Si può dire che il cortometraggio è la vostra cifra stilistica?
Dedicarsi ai cortometraggi nasce inizialmente come scelta pragmatica. La loro breve durata comporta inevitabilmente un numero minore di giorni di lavorazione e budget più ridotti rispetto a un film vero e proprio. Chiunque sogni di fare cinema comincia dai cortometraggi. Questa però non è ovviamente l’unica motivazione, perché il corto risponde a regole di sceneggiatura diverse e a ritmi diversi rispetto a quelli di un lungo e per questo offre opportunità uniche e personalissime.
Realizzare un cortometraggio è una sfida: non solo provare a raccontare una storia nel minor tempo possibile, ma soprattutto individuare quell’idea che proprio nella brevità trovi la sua forza. Ci sono storie che non potrebbero mai essere raccontate in un film, risulterebbero inutilmente annacquate. Il corto invece diventa il contenitore ideale per alcune intuizioni, per suggestioni che hanno bisogno di uno sviluppo rapido ma comunque completo. A volte i limiti e i paletti, sia di tempo che di budget, diventano una spinta creativa ulteriore e in questo senso il corto è davvero stimolante.
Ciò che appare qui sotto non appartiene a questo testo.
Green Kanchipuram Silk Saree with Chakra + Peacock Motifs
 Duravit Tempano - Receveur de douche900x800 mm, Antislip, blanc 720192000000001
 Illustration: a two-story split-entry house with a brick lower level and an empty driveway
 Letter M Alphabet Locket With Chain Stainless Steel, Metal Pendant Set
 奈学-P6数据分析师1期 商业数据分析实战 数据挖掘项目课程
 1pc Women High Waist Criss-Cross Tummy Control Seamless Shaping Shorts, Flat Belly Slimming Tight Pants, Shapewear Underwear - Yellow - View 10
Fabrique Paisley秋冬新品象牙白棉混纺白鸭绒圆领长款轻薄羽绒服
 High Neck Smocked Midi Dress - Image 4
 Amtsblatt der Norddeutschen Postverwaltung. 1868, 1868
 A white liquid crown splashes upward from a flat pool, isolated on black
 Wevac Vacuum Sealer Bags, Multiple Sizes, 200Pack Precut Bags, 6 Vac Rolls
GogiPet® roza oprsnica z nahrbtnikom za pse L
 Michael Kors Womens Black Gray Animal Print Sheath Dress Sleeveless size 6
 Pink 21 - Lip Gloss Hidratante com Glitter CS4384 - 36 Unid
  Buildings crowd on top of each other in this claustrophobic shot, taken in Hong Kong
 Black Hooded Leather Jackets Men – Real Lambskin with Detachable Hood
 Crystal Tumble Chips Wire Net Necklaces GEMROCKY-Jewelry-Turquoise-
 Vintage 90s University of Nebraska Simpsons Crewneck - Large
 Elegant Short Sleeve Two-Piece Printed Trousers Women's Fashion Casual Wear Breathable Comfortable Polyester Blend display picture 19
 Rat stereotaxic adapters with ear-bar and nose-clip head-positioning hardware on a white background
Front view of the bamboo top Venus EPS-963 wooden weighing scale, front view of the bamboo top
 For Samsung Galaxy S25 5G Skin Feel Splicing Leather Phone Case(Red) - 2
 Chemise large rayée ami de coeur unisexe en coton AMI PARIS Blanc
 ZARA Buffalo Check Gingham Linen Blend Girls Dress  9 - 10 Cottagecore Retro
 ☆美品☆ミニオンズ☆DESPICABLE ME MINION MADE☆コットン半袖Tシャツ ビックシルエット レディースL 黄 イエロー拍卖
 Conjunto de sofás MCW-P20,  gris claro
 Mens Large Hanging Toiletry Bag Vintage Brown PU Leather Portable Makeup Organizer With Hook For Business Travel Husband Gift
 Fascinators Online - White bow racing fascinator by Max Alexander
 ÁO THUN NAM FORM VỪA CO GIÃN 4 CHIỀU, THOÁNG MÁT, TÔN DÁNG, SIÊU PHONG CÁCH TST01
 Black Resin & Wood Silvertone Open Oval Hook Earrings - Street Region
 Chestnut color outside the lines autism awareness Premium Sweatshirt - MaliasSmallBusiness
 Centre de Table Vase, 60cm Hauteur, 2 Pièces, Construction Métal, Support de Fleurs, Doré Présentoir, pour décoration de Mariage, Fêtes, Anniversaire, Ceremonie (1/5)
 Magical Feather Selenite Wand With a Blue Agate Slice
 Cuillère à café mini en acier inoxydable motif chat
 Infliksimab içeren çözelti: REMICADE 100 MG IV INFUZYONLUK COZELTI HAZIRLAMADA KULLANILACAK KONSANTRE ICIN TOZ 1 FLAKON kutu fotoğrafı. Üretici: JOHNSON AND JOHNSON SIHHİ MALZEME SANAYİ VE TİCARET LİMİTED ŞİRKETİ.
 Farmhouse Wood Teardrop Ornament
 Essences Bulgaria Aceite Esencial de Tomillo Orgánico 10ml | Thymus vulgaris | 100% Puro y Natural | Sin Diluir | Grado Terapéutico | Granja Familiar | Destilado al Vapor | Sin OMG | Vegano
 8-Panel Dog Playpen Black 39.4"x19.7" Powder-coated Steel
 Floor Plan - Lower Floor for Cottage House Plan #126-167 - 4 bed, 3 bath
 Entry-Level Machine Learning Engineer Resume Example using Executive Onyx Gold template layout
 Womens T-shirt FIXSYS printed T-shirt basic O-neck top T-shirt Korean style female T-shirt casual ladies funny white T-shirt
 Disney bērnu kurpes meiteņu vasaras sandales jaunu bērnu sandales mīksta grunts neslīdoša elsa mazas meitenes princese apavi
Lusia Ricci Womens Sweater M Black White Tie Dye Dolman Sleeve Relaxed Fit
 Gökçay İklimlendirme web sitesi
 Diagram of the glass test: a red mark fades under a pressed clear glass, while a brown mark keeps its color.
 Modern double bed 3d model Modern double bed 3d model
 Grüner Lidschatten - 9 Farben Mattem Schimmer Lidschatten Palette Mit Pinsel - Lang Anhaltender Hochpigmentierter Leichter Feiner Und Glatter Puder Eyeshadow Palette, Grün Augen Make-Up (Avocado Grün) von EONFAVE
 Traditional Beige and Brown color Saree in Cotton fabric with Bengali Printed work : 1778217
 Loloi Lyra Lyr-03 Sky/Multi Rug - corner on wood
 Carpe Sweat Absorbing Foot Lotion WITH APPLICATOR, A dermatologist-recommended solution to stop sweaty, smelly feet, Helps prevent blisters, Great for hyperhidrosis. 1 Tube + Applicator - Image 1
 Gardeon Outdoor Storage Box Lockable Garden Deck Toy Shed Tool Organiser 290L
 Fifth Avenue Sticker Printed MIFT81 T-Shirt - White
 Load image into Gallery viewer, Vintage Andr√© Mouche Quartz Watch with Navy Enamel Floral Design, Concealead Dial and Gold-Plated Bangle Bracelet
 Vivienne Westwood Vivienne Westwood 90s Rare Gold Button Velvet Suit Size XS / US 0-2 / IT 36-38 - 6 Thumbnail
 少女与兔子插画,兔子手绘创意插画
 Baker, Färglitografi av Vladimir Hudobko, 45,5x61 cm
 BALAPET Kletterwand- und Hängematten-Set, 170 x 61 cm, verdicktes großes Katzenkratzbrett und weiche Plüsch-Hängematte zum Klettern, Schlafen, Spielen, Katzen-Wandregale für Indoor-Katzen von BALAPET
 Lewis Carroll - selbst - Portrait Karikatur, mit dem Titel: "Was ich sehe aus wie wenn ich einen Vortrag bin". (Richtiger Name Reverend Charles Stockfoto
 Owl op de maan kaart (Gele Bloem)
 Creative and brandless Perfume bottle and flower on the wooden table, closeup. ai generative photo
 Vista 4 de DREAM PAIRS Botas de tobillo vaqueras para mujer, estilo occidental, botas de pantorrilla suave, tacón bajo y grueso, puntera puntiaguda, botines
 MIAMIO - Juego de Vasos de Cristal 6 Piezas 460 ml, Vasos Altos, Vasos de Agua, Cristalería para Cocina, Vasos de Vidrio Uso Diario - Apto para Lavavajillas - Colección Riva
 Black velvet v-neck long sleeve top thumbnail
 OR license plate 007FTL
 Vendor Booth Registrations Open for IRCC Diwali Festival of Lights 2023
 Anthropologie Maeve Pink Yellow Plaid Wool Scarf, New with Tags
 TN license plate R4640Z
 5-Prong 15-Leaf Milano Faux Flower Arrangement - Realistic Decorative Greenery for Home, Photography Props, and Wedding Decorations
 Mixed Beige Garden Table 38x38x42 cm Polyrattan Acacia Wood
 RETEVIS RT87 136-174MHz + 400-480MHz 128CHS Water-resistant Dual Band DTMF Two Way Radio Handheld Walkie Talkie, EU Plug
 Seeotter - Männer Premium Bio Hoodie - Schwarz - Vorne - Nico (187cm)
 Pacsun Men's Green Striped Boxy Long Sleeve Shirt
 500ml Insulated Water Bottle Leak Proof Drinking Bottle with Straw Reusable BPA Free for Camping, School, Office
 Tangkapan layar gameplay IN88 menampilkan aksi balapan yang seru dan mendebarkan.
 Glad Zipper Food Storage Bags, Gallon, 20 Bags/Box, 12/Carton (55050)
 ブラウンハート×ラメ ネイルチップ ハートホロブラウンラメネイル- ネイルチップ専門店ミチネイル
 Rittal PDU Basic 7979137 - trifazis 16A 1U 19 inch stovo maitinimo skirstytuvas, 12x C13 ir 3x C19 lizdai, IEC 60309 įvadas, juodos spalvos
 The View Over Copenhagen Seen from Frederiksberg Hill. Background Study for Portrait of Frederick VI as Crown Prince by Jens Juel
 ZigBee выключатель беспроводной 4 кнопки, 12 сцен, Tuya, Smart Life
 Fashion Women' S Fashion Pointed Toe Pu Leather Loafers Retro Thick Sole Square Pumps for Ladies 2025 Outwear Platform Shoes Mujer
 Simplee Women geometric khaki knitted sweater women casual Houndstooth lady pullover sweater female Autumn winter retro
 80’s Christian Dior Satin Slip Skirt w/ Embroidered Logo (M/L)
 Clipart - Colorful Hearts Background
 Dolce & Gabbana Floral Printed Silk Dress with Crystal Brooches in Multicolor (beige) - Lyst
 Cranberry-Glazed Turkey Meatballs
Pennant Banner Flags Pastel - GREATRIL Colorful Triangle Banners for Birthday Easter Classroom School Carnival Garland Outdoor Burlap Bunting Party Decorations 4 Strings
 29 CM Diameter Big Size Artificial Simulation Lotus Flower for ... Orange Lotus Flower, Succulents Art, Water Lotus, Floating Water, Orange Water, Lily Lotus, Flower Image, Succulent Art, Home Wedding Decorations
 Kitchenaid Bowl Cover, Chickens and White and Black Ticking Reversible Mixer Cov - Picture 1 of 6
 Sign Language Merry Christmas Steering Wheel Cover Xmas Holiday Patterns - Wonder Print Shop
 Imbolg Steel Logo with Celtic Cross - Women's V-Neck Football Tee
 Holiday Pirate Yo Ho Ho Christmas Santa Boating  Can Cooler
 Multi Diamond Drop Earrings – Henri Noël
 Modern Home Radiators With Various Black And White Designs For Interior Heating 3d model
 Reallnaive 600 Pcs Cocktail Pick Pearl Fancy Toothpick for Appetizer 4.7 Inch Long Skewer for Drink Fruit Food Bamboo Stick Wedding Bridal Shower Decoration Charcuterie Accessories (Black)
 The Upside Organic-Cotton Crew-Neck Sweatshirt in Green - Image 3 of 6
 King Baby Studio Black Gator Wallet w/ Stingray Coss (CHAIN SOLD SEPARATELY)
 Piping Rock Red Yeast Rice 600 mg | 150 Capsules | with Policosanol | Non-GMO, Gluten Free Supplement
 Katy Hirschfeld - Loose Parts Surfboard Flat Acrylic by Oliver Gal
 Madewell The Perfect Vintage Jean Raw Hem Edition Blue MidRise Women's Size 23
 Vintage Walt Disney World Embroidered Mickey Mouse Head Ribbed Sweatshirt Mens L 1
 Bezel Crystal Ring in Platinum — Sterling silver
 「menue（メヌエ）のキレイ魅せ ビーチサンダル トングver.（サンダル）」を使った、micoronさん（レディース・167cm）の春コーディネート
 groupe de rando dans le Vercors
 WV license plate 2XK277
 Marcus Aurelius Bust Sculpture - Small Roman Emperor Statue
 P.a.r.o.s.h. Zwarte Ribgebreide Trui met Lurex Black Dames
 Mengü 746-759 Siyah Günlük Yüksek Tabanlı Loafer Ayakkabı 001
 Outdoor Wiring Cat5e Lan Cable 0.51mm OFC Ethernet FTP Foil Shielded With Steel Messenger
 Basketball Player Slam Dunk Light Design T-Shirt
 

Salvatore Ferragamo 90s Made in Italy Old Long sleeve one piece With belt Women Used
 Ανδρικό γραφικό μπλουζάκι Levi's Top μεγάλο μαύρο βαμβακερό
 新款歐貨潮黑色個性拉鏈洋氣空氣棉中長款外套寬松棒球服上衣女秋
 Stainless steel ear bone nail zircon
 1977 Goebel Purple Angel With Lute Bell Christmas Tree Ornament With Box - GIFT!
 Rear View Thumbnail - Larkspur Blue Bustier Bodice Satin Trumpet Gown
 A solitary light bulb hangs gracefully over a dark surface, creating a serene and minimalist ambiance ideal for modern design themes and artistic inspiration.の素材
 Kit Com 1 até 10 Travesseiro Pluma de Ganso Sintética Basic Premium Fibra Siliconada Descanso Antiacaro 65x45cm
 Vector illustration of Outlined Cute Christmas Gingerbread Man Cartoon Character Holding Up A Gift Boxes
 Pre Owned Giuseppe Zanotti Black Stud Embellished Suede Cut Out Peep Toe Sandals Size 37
La brevità caratterizza anche altri formati in cui la Fuoricampo si è cimentata, come spot pubblicitari o videoclip. Ci sono poi storie e progetti che nel breve formato dimostrano di stare stretti e chiedono di essere ampliati: è successo nel 2019 con “Manuale di Storie dei Cinema“, un documentario sulla storia e il valore della sala cinematografica, vincitore del Torino Factory dello stesso anno che, alla luce del lungo lavoro di ricerca e del materiale realizzato, aveva la necessità di esprimersi con maggior respiro. È dell’anno successivo la versione lungometraggio, il primo per Fuoricampo Film, che nel 2021 ha goduto anche di una distribuzione nelle sale, non appena è stata possibile la riapertura.
Avete recentemente lavorato a un cortometraggio per fare sensibilizzazione sul tema della violenza sulle donne, “Cadde la notte su di me“, per il quale avete lanciato una campagna crowdfunding in collaborazione con l’associazione me.dea onlus. Per affrontare questo argomento così di attualità avete scelto il genere fantascientifico, che è l’opzione stilistica meno scontata: in che modo questo darà un contributo concreto alla causa?
L’idea è stata ancora una volta quella di raccontare una tematica attuale attraverso una prospettiva inusuale, rifiutando il didascalismo tipico della comunicazione istituzionale e mettendo in scena una storia in cui l’argomento emergesse soltanto nel finale. La protagonista del corto non è un personaggio in carne e ossa, ma è fatta di metallo, circuiti e sentimenti. Sinceramente umana nella personalità, seppur esteriormente artificiale. Allontanandoci dall’immaginario consueto e attraverso un racconto allegorico pensiamo di poter estendere la riflessione oltre il giudizio morale sui personaggi ed evitare un’immedesimazione facile e acritica da parte dello spettatore.
L’obiettivo era soprattutto parlare al pubblico maschile, evidenziando e denunciando in maniera ancora più efficace la visione distorta di un rapporto possessivo e le sue inevitabili e violente conseguenze. La speranza è stimolare nel pubblico una riflessione d’impatto che evidenzi come alla radice di ogni comportamento violento ci sia innanzitutto un problema culturale. Il ricavato del crowdfunding andrà proprio all’associazione piemontese me.dea Onlus, che dà sostegno alle donne vittime di violenza.